Maynard’s article – drawn from her new book on the same subject – portrayed foreign takeovers of U.S. companies as “A Lifeline [for the U.S. economy] Not Made in the U.S.A." According to the piece, "foreign employers could help revive the economy." Moreover, if the jobs they support "did not exist, the nation’s unemployment rate would be above 13 percent." Too bad for trusting readers that her evidence was overwhelmingly anecdotal, and that she ignored the reams of easily available U.S. government and scholarly data painting an entirely different picture.
First, as the GLOBALIZATION FOLLIES crew told the Sunday business editors the following day (to no avail), U.S. government statistics show that, since at least the early 1990s, some 90 percent of such foreign direct investment in the United States has been spent on acquiring existing businesses, not on creating new ones. And there is no evidence that foreign investors prefer failing enterprises, as opposed to strong companies with bright futures.

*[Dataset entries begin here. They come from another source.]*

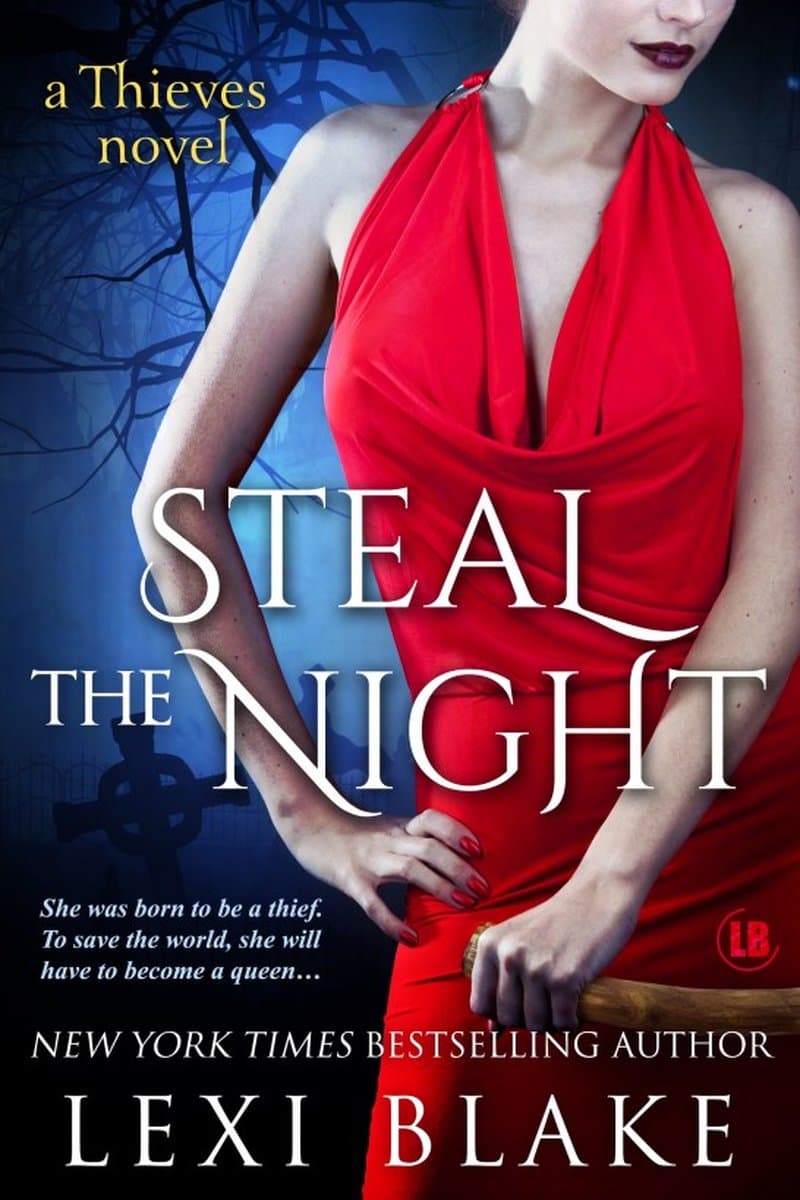 Lexi.Blake.Steal.the.Night.2014.RETAiL.EPUB.eBook-NODE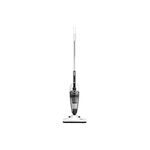 CHIMEI Handheld Upright Vacuum Cleaner VC-SC2PHA, , large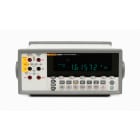 FLUKE ITALIA SRL - FLK2802385 8808A MULTIMETRO BANCO A 5,5 CIFRE, 240V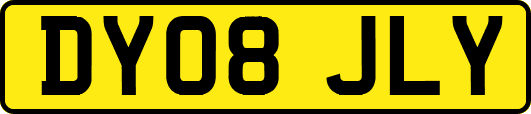 DY08JLY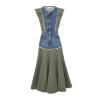 Item 145454a - Anderes - 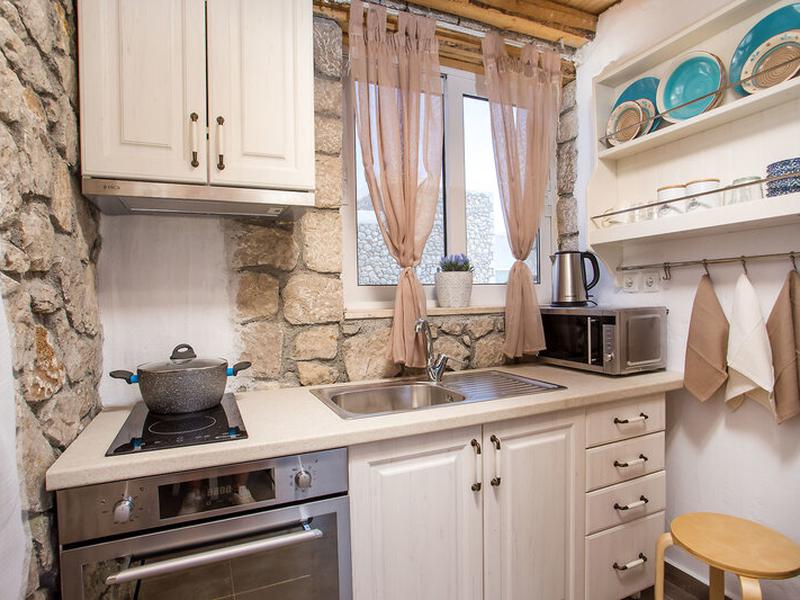 A11FEEA1F0B1DC328BB1B5DC436C9C52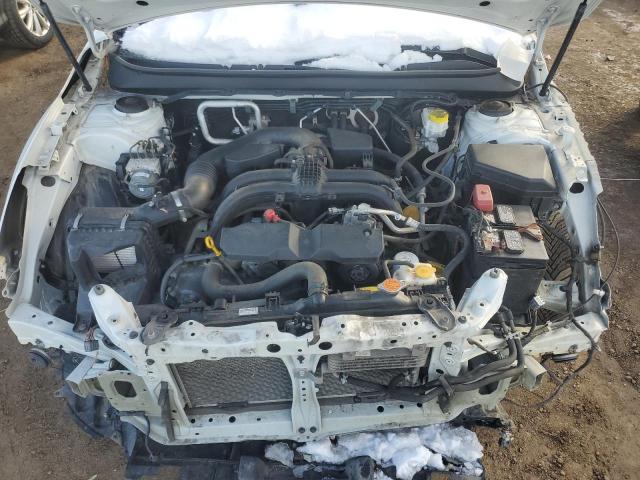 Снимка 12 от търг – 2018 SUBARU OUTBACK 2. с VIN 4S4BSANC6J3357691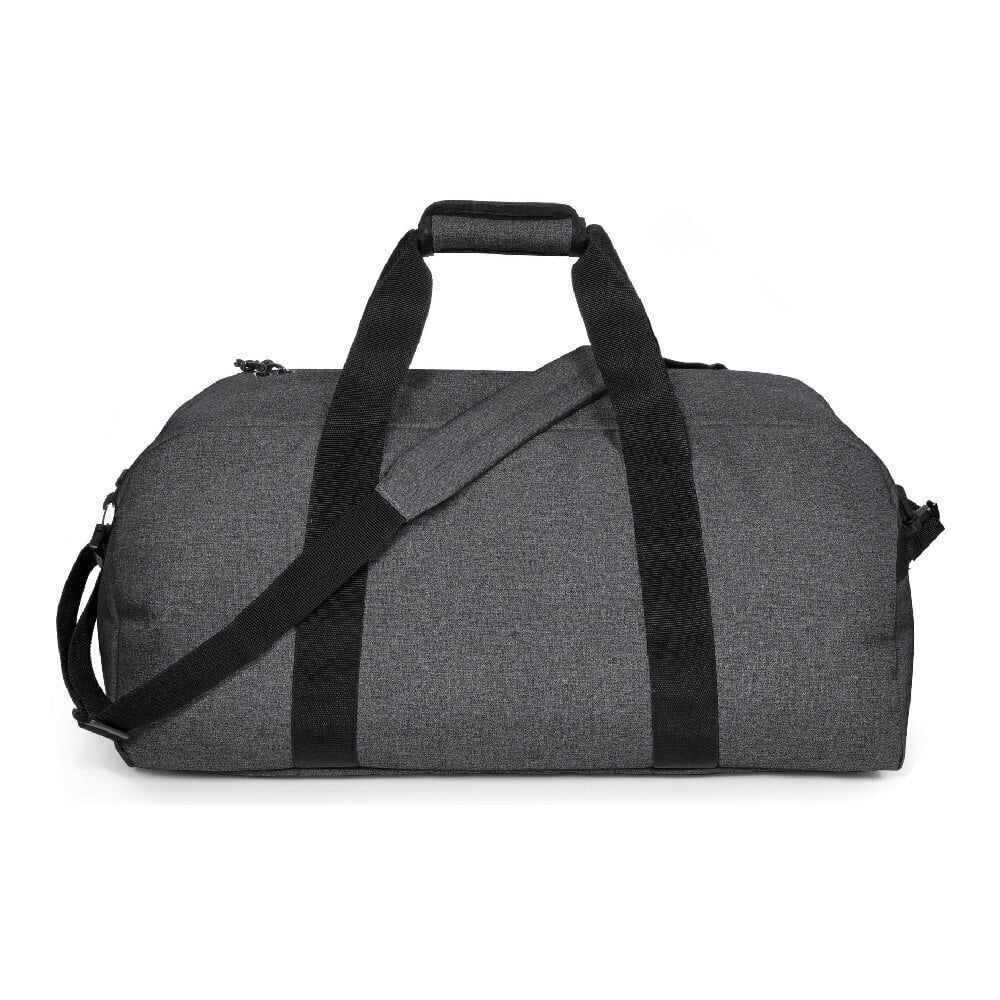 Pleca Soma Eastpak The One Doubled (30 x 29 x 62 cm) cena un informācija | Sporta somas un mugursomas | 220.lv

Second, apparently the editors were not interested in the fact that, as with most purely domestic transactions, foreign acquisitions of U.S. assets seek to squeeze greater efficiencies out of the target firm, or to eliminate redundancies between the acquiring firm and the target firm, by reducing staff. Classic examples are the takeover of IBM’s personal computer division by the Chinese computer firm Lenovo in 2005 and French telecommunications company Alcatel’s acquisition of its American counterpart Lucent in 2006.
Third, it’s obvious that, over time, most acquiring companies (whether foreign-owned or not) hope to create enough new value to justify net new hiring. (Short-term-oriented turnaround investors are a limited exception.) Unfortunately, the Times editors seemed completely unimpressed to learn about the clear consensus of academic research – hopes for net value creation generally are in vain, because most mergers and acquisitions of all kinds fail this test.
Maynard’s book title is even more enthusiastic than her article title: “The Selling of the American Economy: How Foreign Companies Are Remaking the American Dream.” Judging from the latter, however, the only dreams that interest Maynard and her editors are pipe dreams.